# Try it
These records contain pictures, which must be left out; copy exactly the lines from the one with "A picture of step 4 of Dry chilli chicken." up to and including the one with "Pronovias Amawana Pronovias".

# Data provided
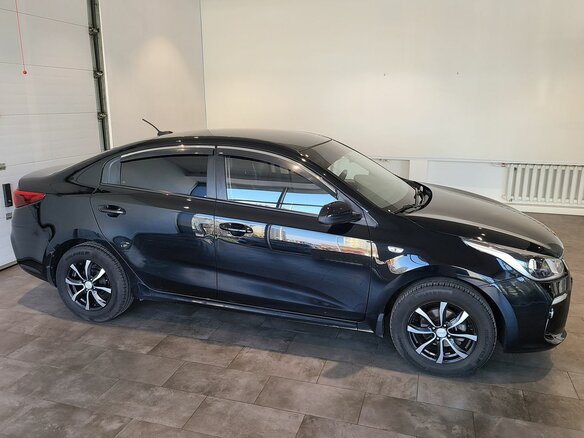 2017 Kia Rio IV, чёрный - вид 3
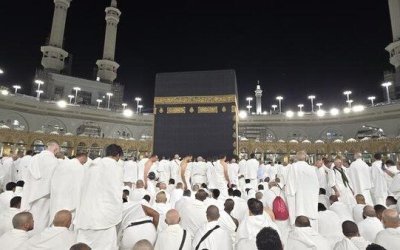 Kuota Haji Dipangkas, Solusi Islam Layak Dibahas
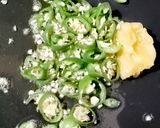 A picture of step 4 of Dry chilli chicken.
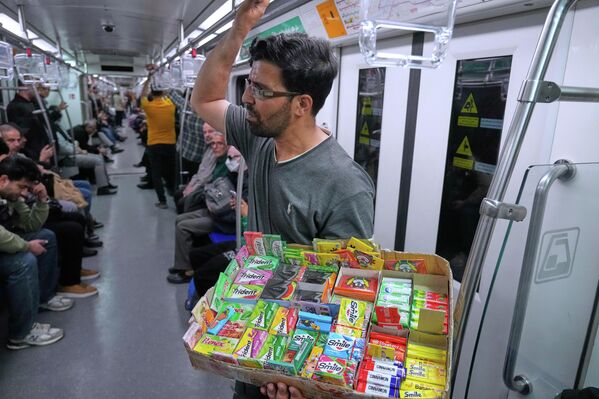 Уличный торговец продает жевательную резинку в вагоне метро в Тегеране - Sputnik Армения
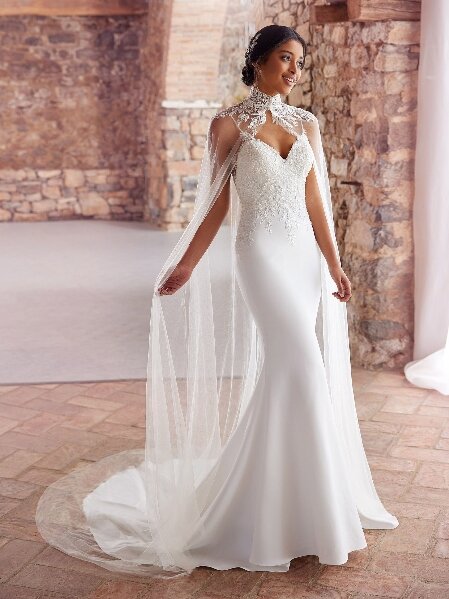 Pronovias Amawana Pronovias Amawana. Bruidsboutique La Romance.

---

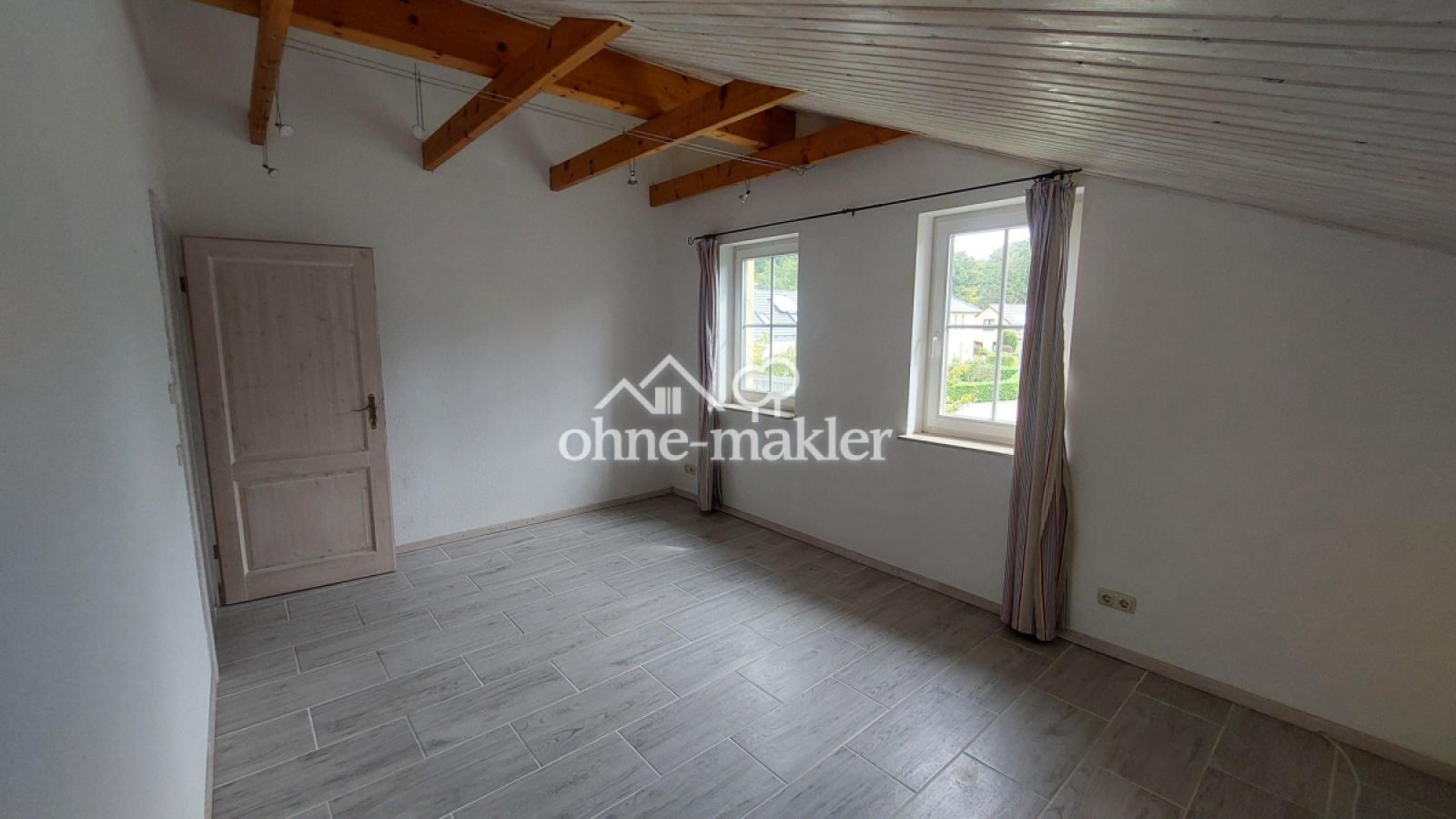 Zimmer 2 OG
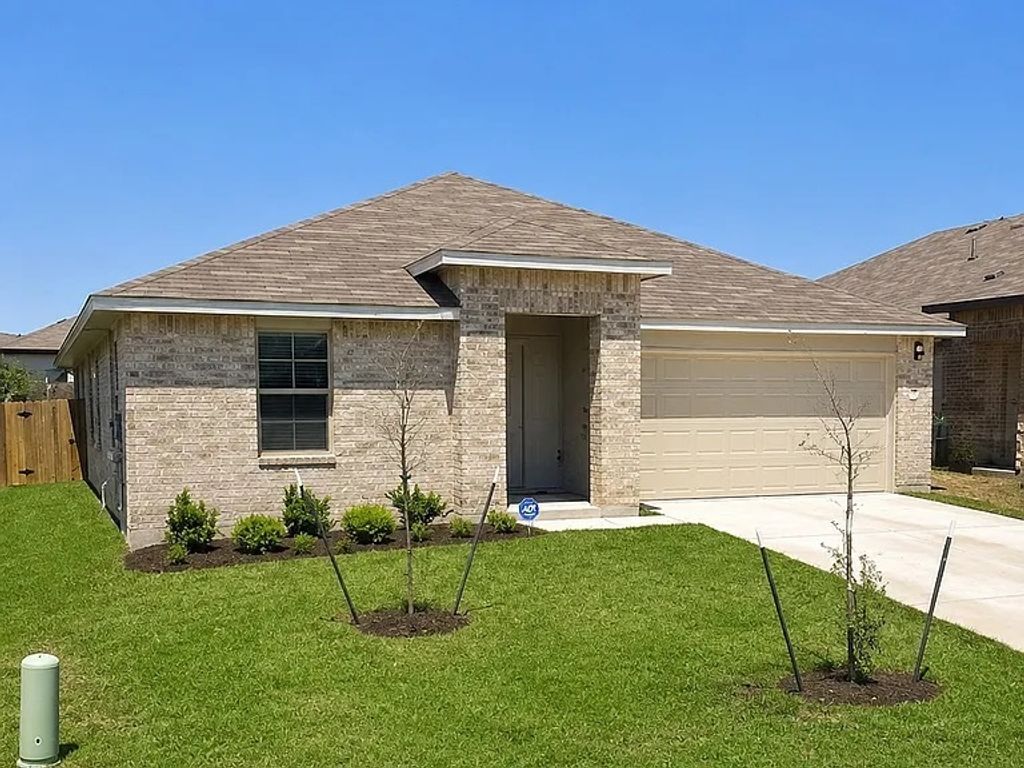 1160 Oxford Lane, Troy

# Expected output
 A picture of step 4 of Dry chilli chicken.
 Уличный торговец продает жевательную резинку в вагоне метро в Тегеране - Sputnik Армения
 Pronovias Amawana Pronovias Amawana. Bruidsboutique La Romance.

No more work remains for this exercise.